Academic Research
New book coming soon.
Academic Research
2018–Feb 2024
PhD, History
Centre for Historical Studies
Jawaharlal Nehru University
India
2016–2018
MPhil, History
Centre for Historical Studies
Jawaharlal Nehru University
India
My PhD thesis titled The Life and Letters of Abdul Jalil Bilgrami: A Study of the Literary Pursuits of a Petty Official in Eighteenth Century Mughal India is a microhistorical study of the life of a low-ranking bureaucrat. Working under the supervision of Prof. Najaf Haider, I concentrate on the first three decades of the eighteenth century, intending to capture the lived experience of a commoner serving the empire in the period of administrative decline. To authentically capture such an experience, I move away from the use of conventional historical sources such as court chronicles and commissioned histories—which tend to focus exclusively on the elite—to personal letters and poetry. These literary works written in the private domain provide an excellent opportunity to visualize the very pedestrian experience of imperial decline, presenting before us an ant's-eye view. Thus, the thesis, macro-historically, aims to offer itself as a unique history of the fall of the Mughal empire.

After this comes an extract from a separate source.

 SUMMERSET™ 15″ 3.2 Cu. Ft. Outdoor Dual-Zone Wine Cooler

The ideas for my thesis developed during the course of my MPhil degree for the fulfilment of which I submitted my dissertation titled, Being a Mansabdar: Norms of Civility and Issues of Identity in Mughal Lower Bureaucracy. As the titles and themes of my thesis and dissertation suggest, I have always been interested in the history of the marginal; the ones lost to time because of the apparent paucity of sources preserving their voices. Yet, such a supposed paucity needs to be and has been constantly challenged with recent historiographical developments giving people's history its rightful place in the discourse. However, such trends have also created a rigid dichotomy between the elite and the non-elite, ignoring the presence of the middle strata.

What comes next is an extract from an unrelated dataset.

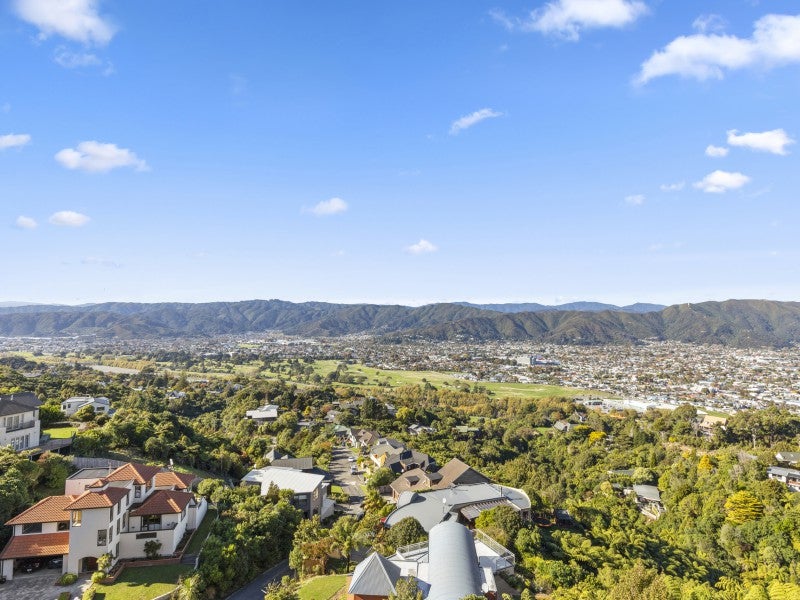 39 Meadowbank Drive, Belmont, Lower Hutt - Carousel 21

To reassert their presence, my recently published article Revisiting the Mirzanama: Class Consciousness and the Mughal Middle Classes, The Medieval History Journal, Vol. 26, No. 1, April 2023) argues for the existence of a sufficiently distinguishable and conscious middling section in Mughal Indian society.
As is clear from above, I specialize in literary history, microhistory and socio-cultural history.